Provide only the number of lines below that hold "Photo".

[Dataset Boundary: Start]

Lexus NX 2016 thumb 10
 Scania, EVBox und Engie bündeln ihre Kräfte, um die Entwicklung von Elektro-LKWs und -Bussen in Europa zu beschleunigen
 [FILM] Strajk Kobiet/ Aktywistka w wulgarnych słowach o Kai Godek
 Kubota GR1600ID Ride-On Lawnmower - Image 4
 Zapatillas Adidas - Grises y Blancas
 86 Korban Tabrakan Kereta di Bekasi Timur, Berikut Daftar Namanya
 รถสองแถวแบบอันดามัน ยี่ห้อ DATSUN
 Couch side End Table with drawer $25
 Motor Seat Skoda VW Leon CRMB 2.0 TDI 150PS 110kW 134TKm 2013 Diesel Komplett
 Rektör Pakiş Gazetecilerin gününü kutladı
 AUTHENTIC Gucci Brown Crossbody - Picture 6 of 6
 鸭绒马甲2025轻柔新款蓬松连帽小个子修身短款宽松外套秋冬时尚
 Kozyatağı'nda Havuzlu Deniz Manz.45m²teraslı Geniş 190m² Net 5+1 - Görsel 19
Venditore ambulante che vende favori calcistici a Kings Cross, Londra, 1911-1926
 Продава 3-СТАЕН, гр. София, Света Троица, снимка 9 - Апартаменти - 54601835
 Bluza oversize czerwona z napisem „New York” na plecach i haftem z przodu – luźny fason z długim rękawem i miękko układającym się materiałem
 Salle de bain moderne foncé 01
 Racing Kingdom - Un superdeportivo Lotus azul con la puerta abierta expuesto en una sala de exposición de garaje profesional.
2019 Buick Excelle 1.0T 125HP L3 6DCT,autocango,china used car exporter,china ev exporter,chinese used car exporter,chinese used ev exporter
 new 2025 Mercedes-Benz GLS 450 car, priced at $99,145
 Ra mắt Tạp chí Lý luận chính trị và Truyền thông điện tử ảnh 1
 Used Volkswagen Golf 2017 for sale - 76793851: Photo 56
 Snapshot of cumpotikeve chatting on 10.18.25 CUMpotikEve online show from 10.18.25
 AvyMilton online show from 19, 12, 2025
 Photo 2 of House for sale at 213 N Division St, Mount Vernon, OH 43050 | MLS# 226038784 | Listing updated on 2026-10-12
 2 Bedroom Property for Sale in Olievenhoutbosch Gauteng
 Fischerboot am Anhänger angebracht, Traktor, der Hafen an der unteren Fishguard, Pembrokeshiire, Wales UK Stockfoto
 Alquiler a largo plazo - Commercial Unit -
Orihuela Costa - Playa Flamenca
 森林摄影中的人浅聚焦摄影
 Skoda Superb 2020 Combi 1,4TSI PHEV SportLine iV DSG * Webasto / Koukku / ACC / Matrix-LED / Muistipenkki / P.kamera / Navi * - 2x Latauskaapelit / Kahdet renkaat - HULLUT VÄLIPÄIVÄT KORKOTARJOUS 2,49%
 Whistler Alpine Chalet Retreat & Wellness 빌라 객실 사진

[Dataset Boundary: End]

▸ **Answer area**
2